Je n’ai pas ( encore ? ) rencontré les parents, reçu leurs excuses et ceux-ci sont d’ailleurs rassurés : l’assurance familiale va payer les frais. En fait, nous payons donc tous solidairement pour ces agressions. C’est inadmissible que les parents n’ont pas à assumer les actes de leur enfant. En 30 ans de métier, c’est la première ( et dernière fois, j’espère ) que je me faisais agressé physiquement et ce n’est pas si évident que cela surtout quand la victime vit cette situation comme une impunité. Je m’engage toujours vis-à-vis des élèves ( presque )comme avant car tous ne peuvent payer pour quelques agreseurs. Je pense que dès qu’une agression physique est reconnue par la CF, un renvoi définitif devrait être prononcé . Je suis bien conscient que cette mesure peut sembler lourde, mais il faut passer par là pour me juger.

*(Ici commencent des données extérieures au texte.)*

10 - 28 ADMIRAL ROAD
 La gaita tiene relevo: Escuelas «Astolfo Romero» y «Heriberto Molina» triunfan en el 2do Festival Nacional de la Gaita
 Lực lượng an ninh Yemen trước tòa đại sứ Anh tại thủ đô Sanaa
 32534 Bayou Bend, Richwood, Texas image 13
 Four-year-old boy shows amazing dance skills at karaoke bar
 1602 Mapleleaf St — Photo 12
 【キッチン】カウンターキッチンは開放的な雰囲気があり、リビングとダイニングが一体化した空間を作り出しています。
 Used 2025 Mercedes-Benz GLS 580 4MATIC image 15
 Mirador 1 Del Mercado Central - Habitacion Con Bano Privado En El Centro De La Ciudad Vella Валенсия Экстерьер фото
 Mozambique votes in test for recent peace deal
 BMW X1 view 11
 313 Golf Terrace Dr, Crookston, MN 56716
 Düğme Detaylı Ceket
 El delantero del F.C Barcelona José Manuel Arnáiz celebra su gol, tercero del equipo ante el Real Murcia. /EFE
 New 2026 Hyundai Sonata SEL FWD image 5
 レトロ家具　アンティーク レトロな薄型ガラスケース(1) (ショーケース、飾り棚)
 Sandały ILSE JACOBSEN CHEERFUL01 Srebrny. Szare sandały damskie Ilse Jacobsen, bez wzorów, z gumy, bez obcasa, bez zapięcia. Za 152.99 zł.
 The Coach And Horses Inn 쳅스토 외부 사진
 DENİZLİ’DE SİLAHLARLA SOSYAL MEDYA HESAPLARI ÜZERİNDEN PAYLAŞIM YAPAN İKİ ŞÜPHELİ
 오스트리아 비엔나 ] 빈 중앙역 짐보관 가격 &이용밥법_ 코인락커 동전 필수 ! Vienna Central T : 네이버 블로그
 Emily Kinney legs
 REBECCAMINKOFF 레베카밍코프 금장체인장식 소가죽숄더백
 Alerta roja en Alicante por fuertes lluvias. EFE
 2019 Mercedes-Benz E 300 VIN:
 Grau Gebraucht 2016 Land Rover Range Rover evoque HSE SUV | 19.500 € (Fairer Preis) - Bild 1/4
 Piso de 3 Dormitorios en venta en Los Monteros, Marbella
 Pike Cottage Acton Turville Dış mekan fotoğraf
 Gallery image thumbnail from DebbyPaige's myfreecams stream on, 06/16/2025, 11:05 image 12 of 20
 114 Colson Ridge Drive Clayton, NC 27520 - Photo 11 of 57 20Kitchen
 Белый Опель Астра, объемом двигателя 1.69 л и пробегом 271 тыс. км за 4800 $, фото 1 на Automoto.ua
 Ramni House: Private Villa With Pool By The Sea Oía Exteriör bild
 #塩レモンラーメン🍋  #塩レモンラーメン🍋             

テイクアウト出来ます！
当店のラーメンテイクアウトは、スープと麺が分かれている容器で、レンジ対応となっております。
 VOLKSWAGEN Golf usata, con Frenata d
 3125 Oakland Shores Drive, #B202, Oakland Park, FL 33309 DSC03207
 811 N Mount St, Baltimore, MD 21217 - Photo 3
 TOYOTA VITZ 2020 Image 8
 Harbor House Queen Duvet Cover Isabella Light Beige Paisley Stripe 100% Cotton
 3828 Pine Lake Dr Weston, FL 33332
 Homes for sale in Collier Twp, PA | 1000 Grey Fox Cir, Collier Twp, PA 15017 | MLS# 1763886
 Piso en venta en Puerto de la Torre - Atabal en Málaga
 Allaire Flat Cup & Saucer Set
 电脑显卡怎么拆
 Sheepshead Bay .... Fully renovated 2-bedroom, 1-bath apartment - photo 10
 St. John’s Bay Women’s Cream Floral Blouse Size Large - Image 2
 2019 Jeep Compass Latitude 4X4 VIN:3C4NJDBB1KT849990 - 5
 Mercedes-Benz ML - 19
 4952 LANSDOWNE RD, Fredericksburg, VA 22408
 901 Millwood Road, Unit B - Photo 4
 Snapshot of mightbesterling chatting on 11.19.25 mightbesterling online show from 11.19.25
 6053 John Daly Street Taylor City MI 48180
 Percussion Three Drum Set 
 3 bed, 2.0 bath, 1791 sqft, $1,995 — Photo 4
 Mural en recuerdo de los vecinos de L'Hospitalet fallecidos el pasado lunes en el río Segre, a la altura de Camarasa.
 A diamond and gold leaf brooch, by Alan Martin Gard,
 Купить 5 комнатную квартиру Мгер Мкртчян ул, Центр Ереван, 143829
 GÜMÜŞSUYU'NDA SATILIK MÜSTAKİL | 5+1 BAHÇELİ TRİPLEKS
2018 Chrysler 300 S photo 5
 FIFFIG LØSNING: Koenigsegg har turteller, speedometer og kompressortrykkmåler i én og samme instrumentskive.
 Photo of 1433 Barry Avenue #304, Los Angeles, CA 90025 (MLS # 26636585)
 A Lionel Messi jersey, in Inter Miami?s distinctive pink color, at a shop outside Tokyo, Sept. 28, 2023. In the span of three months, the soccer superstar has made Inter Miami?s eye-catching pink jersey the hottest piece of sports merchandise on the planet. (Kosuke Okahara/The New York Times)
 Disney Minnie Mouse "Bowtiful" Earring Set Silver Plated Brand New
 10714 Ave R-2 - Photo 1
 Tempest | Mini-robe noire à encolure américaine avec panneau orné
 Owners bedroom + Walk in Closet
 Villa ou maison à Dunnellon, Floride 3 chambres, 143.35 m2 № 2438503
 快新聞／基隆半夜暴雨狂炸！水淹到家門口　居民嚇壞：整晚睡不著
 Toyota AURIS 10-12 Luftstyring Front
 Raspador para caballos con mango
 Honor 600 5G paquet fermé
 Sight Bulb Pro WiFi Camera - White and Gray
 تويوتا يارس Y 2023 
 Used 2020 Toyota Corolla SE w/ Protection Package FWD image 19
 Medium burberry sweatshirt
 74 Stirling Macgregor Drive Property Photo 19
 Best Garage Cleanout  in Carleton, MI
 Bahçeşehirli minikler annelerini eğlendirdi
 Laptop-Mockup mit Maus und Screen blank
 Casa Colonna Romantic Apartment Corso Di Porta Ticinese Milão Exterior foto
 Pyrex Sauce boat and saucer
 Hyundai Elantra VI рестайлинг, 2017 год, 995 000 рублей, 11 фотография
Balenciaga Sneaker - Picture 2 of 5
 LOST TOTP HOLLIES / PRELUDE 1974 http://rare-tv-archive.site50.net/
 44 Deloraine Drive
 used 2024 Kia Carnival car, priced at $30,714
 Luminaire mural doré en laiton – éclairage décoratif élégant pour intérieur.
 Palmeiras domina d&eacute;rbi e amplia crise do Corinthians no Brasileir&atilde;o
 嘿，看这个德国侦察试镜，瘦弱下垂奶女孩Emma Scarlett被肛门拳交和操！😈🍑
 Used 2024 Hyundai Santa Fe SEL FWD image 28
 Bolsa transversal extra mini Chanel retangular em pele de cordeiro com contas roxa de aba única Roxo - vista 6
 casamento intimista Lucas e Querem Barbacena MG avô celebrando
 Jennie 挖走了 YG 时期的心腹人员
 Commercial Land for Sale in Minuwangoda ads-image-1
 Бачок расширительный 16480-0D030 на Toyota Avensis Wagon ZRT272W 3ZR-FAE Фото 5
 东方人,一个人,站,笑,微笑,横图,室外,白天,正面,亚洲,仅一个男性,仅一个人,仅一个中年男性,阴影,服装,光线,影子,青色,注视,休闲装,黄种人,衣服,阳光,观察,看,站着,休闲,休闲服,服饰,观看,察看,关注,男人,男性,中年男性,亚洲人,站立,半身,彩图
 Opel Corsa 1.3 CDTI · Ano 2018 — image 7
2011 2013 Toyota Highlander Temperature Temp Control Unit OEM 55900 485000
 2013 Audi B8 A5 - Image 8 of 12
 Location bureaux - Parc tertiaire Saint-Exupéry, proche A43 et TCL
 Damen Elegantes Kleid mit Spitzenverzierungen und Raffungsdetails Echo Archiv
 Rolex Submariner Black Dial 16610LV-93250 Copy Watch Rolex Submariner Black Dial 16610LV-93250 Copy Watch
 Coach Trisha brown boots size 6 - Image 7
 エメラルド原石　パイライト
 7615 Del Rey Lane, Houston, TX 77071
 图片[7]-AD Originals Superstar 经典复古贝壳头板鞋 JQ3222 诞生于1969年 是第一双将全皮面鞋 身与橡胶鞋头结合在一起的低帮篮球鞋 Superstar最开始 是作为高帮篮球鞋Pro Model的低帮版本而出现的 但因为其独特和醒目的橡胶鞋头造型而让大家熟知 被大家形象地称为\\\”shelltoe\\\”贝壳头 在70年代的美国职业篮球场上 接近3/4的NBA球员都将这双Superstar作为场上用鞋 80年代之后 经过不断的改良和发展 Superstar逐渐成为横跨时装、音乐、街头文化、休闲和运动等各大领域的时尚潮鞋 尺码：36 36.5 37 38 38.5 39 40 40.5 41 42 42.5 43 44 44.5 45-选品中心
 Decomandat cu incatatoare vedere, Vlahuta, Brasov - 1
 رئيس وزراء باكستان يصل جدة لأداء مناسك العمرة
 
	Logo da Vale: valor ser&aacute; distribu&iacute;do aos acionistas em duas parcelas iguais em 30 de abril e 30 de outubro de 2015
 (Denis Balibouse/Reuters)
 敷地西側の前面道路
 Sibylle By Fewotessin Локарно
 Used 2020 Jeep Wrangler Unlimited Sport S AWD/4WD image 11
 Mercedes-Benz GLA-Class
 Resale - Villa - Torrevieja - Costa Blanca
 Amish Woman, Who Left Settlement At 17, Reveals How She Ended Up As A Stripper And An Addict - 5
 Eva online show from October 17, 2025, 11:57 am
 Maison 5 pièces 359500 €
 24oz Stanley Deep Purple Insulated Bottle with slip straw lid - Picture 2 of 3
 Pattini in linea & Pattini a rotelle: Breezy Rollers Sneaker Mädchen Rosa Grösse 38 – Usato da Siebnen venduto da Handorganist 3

Et tout cela pour avoir dit à une élève qu’elle ne pouvait faire ce genre de remarques en classe et qu’elle manquait d’éducation vis-à-vis des autres élèves de la classe.
Mais pour les autres, ceux qui nous méritent, nous faisons le plus beau métier du monde.
Au « corps enseignant »…
Il est tout à fait exact que vous faites l’ »un » des plus beau métier du monde.Un métier honorable que de transmettre son savoir pour instruire et éduquer(le temps que l’élève est sous votre responsabilité) la jeunesse.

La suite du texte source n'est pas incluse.